Complainant requests that the Panel direct the registrar to transfer the disputed domain name to it.
Respondent did not reply to Complainant’s contentions.
6. Discussion and Findings
The Uniform Domain Name Dispute Resolution Policy (the "Policy") adopted by the Internet Corporation for Assigned Names and Numbers (ICANN) on August 26, 1999, (with implementing documents approved on October 24, 1999), is addressed to resolving disputes concerning allegations of abusive domain name registration. The Panel will confine itself to making determinations necessary to resolve this administrative proceeding.
It is essential to dispute resolution proceedings that fundamental due process requirements be met. Such requirements include that a respondent have notice of proceedings that may substantially affect its rights. The Policy, and the Rules for Uniform Domain Name Dispute Resolution Policy (the "Rules"), establish procedures intended to assure that respondents are given adequate notice of proceedings commenced against them, and a reasonable opportunity to respond (see, e.g., paragraph 2(a), Rules).
In this case, the Panel is satisfied that WIPO took all steps reasonably necessary to notify the Respondent of the filing of the complaint and initiation of these proceedings, and that the failure of the Respondent to furnish a reply is not due to any omission by WIPO.
Paragraph 4(a) of the Policy sets forth three elements that must be established by a Complainant to merit a finding that a respondent has engaged in abusive domain name registration and use, and to obtain relief. These elements are that:
(i) Respondent’s domain name is identical or confusingly similar to a trademark or service mark in which the complainant has rights; and
(ii) Respondent has no rights or legitimate interests in respect of the domain name; and
(iii) Respondent’s domain name has been registered and is being used in bad faith.
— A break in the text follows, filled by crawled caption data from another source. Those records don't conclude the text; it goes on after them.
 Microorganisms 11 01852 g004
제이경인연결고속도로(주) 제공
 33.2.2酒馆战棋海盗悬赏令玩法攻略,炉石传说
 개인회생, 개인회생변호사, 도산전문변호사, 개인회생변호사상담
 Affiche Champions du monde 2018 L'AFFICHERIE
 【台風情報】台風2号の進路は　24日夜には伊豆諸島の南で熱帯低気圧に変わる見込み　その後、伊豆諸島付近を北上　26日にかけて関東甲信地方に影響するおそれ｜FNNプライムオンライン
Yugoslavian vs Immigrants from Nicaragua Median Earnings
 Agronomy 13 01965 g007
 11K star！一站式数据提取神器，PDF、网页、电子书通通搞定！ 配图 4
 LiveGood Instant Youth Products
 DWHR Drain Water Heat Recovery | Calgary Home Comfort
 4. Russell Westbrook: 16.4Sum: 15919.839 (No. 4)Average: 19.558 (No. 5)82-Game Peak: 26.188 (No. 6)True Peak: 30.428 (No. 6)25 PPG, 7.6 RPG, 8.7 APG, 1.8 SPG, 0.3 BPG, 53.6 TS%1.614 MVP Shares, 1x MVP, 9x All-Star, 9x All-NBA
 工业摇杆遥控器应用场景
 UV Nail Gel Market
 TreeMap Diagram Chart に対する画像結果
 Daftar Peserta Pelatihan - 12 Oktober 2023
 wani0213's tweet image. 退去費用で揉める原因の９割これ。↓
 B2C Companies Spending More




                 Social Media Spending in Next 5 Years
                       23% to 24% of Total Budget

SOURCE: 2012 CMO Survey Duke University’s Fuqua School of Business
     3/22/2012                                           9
Each of the aforesaid three elements must be proved by a complainant to warrant relief.
Because the Respondent has defaulted in providing a response to the allegations of Complainant, the Panel is directed to decide this administrative proceeding on the basis of the complaint (Rules, paragraph 14(a)), and certain factual conclusions may be drawn by the Panel on the basis of Complainant’s undisputed representations (id., paragraph 15(a)).
Complainant has registered the word trademark "VOLVO" on the Principal Register of the USPTO (see Factual Background supra). Complainant’s registration of the "VOLVO" mark on the Principal Register at the USPTO establishes a presumption of its validity in U.S. law . Respondent has not challenged Complainant’s assertion of rights in the mark. Complainant has used the "VOLVO" mark in commerce for a substantial period of time in connection with the sale of automobiles and trucks around the world, and Complainant’s "VOLVO" mark has become well known in that connection. The Panel determines that Complainant has rights in the trademark "VOLVO", and that such rights arose prior to Respondent’s registration of the disputed domain name.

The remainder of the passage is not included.